The first real phase of image processing for computer vision generally involves identifying the edges in the image. The result is a sort of line drawing of the scene. There are many different ways to do edge detection, but they all typically begin with a process that identifies individual pixels that are edge elements.

A pixel can be identified as an edge element if its value is very different from the values of its neighbors. If a pixel's value is different from the neighbors immediately above or below, then the pixel is part of a horizontal edge. If a pixel's value is different from the neighbors immediately to the left or right, then the pixel is part of a vertical edge.

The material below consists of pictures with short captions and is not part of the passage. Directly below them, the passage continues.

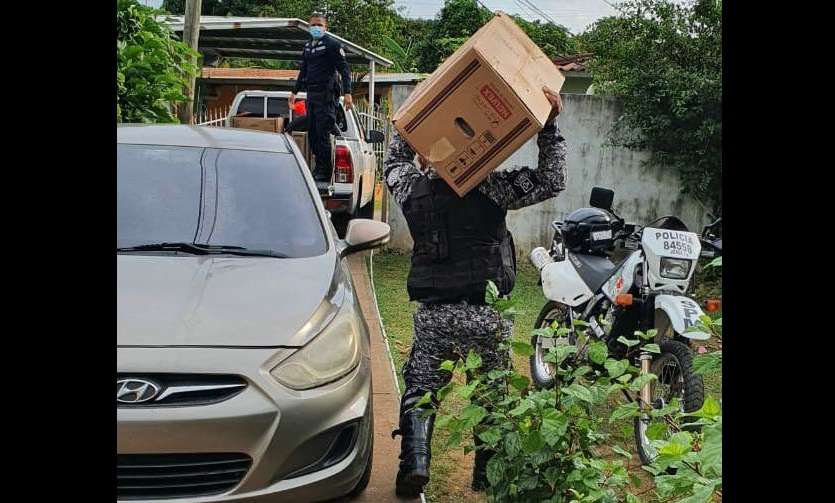 Los estafadores adquirían mercancías varias y pagaban con cheques sin fondo.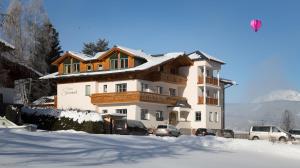 Pension Steiermark v zimě + 37 fotografií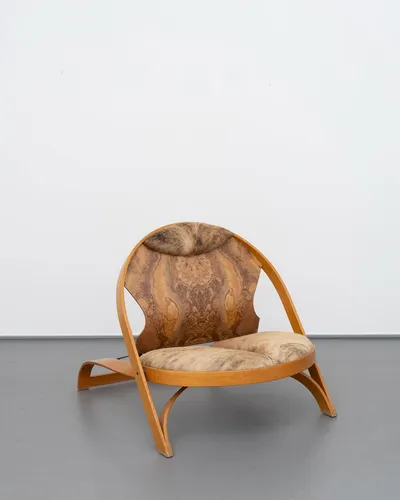 Chair/Chair by Richard Artschwager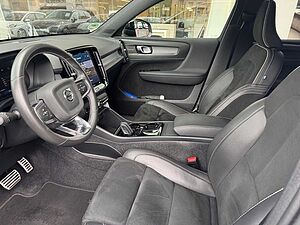 Volvo  XC40 R Design  Pure Electric AWD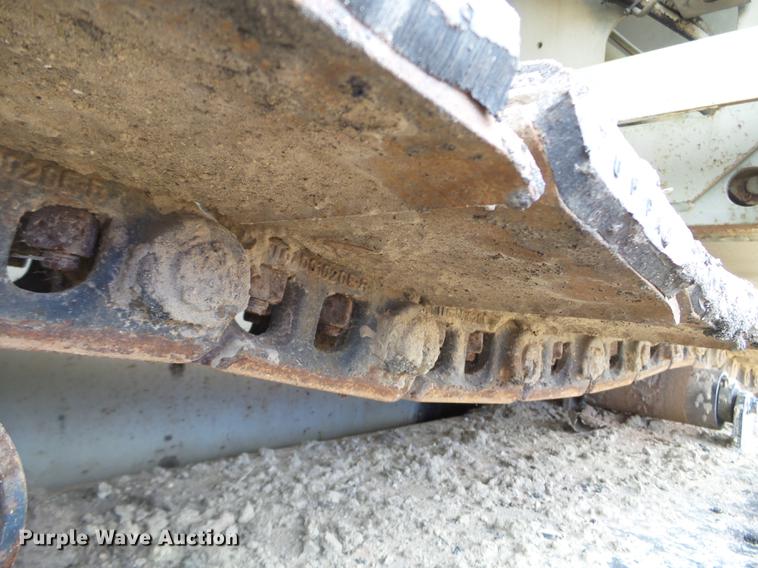 image for item DC4624 1993 Cedarapids CR461 paver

A simple algorithm for marking edge pixels

A very simple algorithm for identifying edge pixels is a follows:
Go through the image, pixel by pixel.
For each pixel:
   Compare it to the pixels immediately to the right of it and below it.
   (i.e., compute the differences between the pixel and each of these two
   neighbors)
   If either of these differences is above a pre-defined threshold
      Then mark the pixel as belonging to an edge.

A more complex algorithm

The simple algorithm above considered only two neighbors of each pixel. A more complex algorithm involves the consideration of several neighbors. We define a mask, i.e., a 2x2 or 3x3 matrix of values such as:
-1  1
-1  1
We then "slide" this along the digitized image. At each step, we multiply the numbers in the mask with the brightness values of the image that are below them. Next we compute the sum of the products. If the absolute value of the sum is greater than some threshold, we might conclude that we've found an edge.

Sobel operators

There are many possible masks. These include the Sobel operators:
-1  0  1
-2  0  2
-1  0  1
and
 1  2  1
 0  0  0
-1 -2 -1
To determine if a particular pixel is an edge pixel, we place a mask over the image, centered on the pixel under consideration. We then multiply the mask values with the brightness values of the pixels "under" them, and then we add those products together. (That is, we compute a weighted sum.)

There are two Sobel operators in order to detect both vertical lines and horizontal lines. (The 2x2 mask given above is meant to find lines of a particular orientation. What is that orientation?)

Since we have two different masks, we need a principled way to combine their "scores" in order to determine whether a pixel is an edge pixel. There are several ways to do this, including this one:

Let's say that the weighted sums produced by the mask specify a point in a Cartesian coordinate system. One mask gives us an x value; the other gives us a y value. If the point generated by the two masks is (0, 0), this indicates that the point is not an edge point. The farther the point is from (0, 0), the more likely it is to be an edge point. We will specify a threshold -- i.e., a radius of a circle centered at the origin. All points outside of that circle will be marked as edge points.

To compute whether a pixel is an edge pixel, then, we compute weighted sums using the two masks given above. Let's call those x and y. We then treat those as a point (x, y). Finally, we compute the distance from the origin by calculating the square root of (x2 + y2) and then determine whether the distance exceeds the threshold required to be an edge point.


Identifying lines

The algorithms just described identify possible edge pixels. If we look at an image that has those pixels highlighted, they will look like lines to us. But we have to remember that they are just a collection of dots. That is, the image processing algorithms "see" them as individual pixels, rather than a collection of lines.

Therefore, we need to do something else to identify groups of edge pixels as lines.

To find horizontal lines:

Consider the first row of pixels.
- If you have a long stretch of pixels marked as edge pixels (allowing for
  small gaps, if desired), mark that as a line segment.
Do this for each row.
For vertical lines:
Consider the first column of pixels.
- If you have a long stretch of pixels marked as edge pixels (allowing for
  small gaps, if desired), mark that as a line segment.
Do this for each column.
We can do the same for diagonal lines.

Note that it is harder to identify closed outlines of objects in general (e.g., with rounded edges).